昼休みになっても心は一向に晴れないが、オレは自分の弁当を持って、中庭のベンチへとぼとぼと歩く。
昼食はいつもそこで、妹のショウビと幼馴染のスイショウと三人で食べていたからだ。
雨は相変わらず降り続いているが小雨だったし、その場所には屋根があったので、風が強くなければ問題ない。
そしてそこに着いてからは、妹と幼馴染に心配をかけないように、できるだけいつもどおりに振る舞って、とにかくこの日常を壊さないようにしなければと思いながら、オレは弁当を食べる。
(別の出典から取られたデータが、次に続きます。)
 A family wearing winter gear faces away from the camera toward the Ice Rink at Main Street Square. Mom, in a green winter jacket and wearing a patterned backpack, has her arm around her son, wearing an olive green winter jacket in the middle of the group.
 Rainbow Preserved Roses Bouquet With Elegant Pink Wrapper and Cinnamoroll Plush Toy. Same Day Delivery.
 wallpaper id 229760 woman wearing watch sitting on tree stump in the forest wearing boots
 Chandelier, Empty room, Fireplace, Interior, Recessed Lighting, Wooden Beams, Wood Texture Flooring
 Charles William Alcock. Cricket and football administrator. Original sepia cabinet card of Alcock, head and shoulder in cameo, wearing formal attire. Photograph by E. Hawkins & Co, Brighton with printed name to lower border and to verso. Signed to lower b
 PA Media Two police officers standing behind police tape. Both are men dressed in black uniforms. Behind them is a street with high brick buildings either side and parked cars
その食事中にスイショウが、オレたちの真ん中に座っているショウビに、
「私のハンバーグとその唐揚げ、交換しない?」
と尋ねると、ショウビは無言で首を横に振るが、オレがスイショウに向かって、
「じゃあ、オレのと交換するか?」
と言うと、ショウビは眉間にしわを寄せながらも、自分の唐揚げをスイショウのご飯の上に乗せて、その横にある小さなハンバーグをつまむ。
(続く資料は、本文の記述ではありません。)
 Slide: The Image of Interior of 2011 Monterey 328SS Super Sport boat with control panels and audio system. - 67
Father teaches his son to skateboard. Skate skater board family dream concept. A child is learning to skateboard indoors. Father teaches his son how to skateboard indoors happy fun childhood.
妹は幼馴染の少女の事が大好きなので、本当はおかずの交換をするのがうれしいのに、素直じゃないから最初はいつも断るのだ。
そんなショウビにスイショウが微笑むのを見て、オレもいつもなら、つられて笑うところだが、今日はそんな気分になれない。
すると妹は、オレの様子がいつもと違うのに気が付いて、
「兄さん、何か心配な事でもあるのですか?」
と聞いてくるが、オレは適当な事を言って話をそらす。
そして食事が終わり、周りに誰もいないのを確認してから、二人に寄生している宇宙パトロールを呼び出して、早朝にオレたちがやったパンツに液体をかける訓練が、コハク先生にバレた事を話すと、妹に寄生しているP1があきれる。
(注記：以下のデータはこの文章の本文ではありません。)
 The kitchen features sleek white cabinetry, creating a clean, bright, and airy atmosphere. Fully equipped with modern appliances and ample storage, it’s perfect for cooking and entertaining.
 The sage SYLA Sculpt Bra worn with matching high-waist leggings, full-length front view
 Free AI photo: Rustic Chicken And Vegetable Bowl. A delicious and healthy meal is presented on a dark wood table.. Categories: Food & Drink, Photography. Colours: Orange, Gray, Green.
「えぇえ! お兄たん、だから最初に、人目につかないところに連れて行ってって言ったでしょぉ!」
「いや、ごめん、P1。まさか生徒指導室に、隠しカメラが仕掛けてあるとは思わなくて……」
オレがそう言うと、幼馴染の少女に寄生しているP2が怒る。
「ニャんだ、その言い訳は! あの訓練を見られたのは、ダイチが考えているよりも、ずっと重大な事ニャ! その先生が普通の人間じゃニャくて、宇宙テロリストに寄生されていたニャら、われわれの存在がバレていたんだからニャ!」
それを聞いたオレは、第三者にあの訓練を見られた事の危険性に、ようやく気が付いて青ざめる。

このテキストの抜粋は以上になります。